But coming to your question.
I was with Ernesto from 1983 to 1993 (he ranked me 5th Dan) and with the Professor from 1994 until his death.
So my knowledge about Ernesto may be a little old, but I saw an exhibition from him about a year ago and it was pretty much the same stuff I have learned.
But coming to the differences:
Ernesto put more emphasis on form and posture, having a proper stance and an upright position. A little more Karate like but not so stiff. Remy really never lost a word about stances. Anyway, one of the main differences I found was, that Ernesto concentrated much more on hitting, butting, striking and Abanicos and also disarmings, where Remy put much more emphasis on controlling, locking takedowns, pins and trappings. Everybody who ever was in his "fangs" knows what I am talking about. Thats why I am really happy to have learned under both.  I got "the best of 2 worlds".
Ernesto teaches a little more vartiety of weapons, also Bo (long staff), or palmstick, Sai, Tonfa etc if you want  (even Kendo) where Remy concentrated more on the singlestick and empty hands. Of course he also knew the other stuff and occasionally taught it, but when ha taught me, he stayed more within these areas.  In the beginning of the 80ies Ernesto had only 3 Sinawalis (Single, Double and Reverse) and almost no drills. Neither empty hands, nor knife. Exept of his "Freestyle sparring" which is a kind of basic Tapi-Tapi. This seemed to have changed, so that he teaches a lot of back and forth drills that you use with interchanging weapons. Wheas in a lot of Remys drills, there is a dominating, controlling person and not 2 people playingthe same game. 
Ernesto differenciated also more between "Modern Arnis" and "classical Arnis".
A thing the we still do and it gives us sometimes problems, because Remy did notthe same way (at least when he taught us).
The difference was, that in the classical styles like Hirada Batanguenia, Palis Palis, Figuer 8 etc, you could inerchange the stick for a machete. In Modern Arnis you could not, because in modern we try to catch (trap) the STICK of the opponent. Something I would never try with a sword. Modern had the modern approach, that in Germany or in the cities of the US, not everybody is wielding a large blade, therfore other techniques (like the catching) could be used. And the classical styles were the roots of the Modern Arnis, because in the Philippined the DO run around with their machetes, at least in the provinces.
One of the biggest differences though is, that Remy was lefthanded and , at least in the late 90ies, he handed this skill onto his students, in his Tapi-Tapi. I don´t say that Ernesto does not have left handed techniques (his son Jan-Jan is left handed and supposed to be really good) but he did not teach to everybody. Remy made all of his students do the right and the left hand in his Tapi-Tapi.
On a very personal note I think, that Remys Modern Arnis was a lot deeper, what really showed in the comparason of the Freestyle of Ernesto (which was very special to him and one should not show this to lower belts, because it was the "secret of the art"). But compared with the amount of techniques, their depth and how intricate and sophisticated they are in the Tapi Tapi, the Freestyle now seems quite shallow to me.
One last word. Remy was not only a Grandmaster, to me he was a Gand Master, also on a peronal level. He was caring and tried to make you learn and make you good. He was very sure aboutm himself and his position. I did not have this impression at all with Ernesto.

I hope that helped.
But please keep in mind, that this is a very personal view and the others might have had different experiences with both ot the Presas brothers.
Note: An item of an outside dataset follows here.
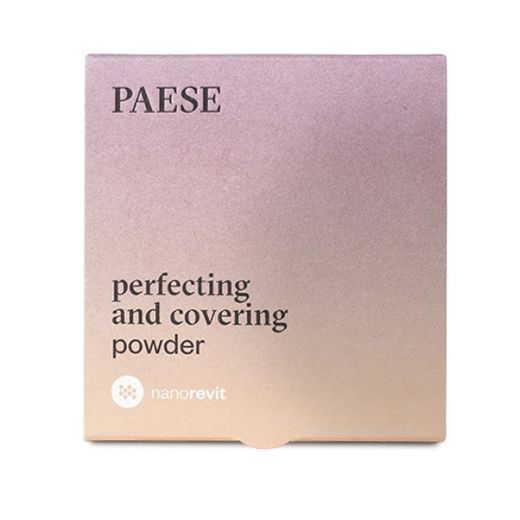Paese Nanorevit Perfecting And Covering Powder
Let me make a little advertisement here. My main job in producing martial arts instuctional videos. I have produced the 8 videos with Suro Mike Inay and all together about 35 video with FMA related styles or topics. I can say without beeing arrogant, that they are professionally produced and have a very high standard, quality and content wise.
I have just finished a video on the Tapi-Tapi of Modern Arnis (available in english and NTSC version).
It shows the structure, how we teach it here in Germany and taked you step by step though many different techniques. It runs for 95 minutes and turned out really good.
Have a look at my homsite, under 

http://www.abanico.de

when you are interested in quality martial arts videos.
I have many satified US american customers, so don´t be shy.
So much for now and here
I hope I stepped on nobodies toes. That would not have been my intention.

Best regards from Germany

Datu Dieter Knüttel
http://www.abanico.de
http://www.modernarnis.de


----------



## arnisador (Jan 15, 2002)

> _Originally posted by Dieter _
> *I have produced the 8 videos with Suro Mike Inay*



Thanks for all the information, Mr. Knüttel! I just wanted to say that Mr. Inay was another great FMA master who was lost relatively recently. I was fortunate enough to attend a pair of seminars by him, on the Reactive Knife Defense System and on the Pressure Sensitive Nerve Areas that are referred to on Mr. Knüttel's site. The PSNA he taught was absolutely legitimate stuff--no exaggerated pressure points claims--and I learned a number of useful things.


----------



## Bob (Jan 16, 2002)

Datu "D"
 Thank you for the history lesson!!!!!!!!! The information was great.................
Bob


----------



## arnisador (Jan 21, 2002)

Can anyone comment on the arnis system of Roberto Presas? I believe he was allied with his brother Ernesto Presas, at least for a time.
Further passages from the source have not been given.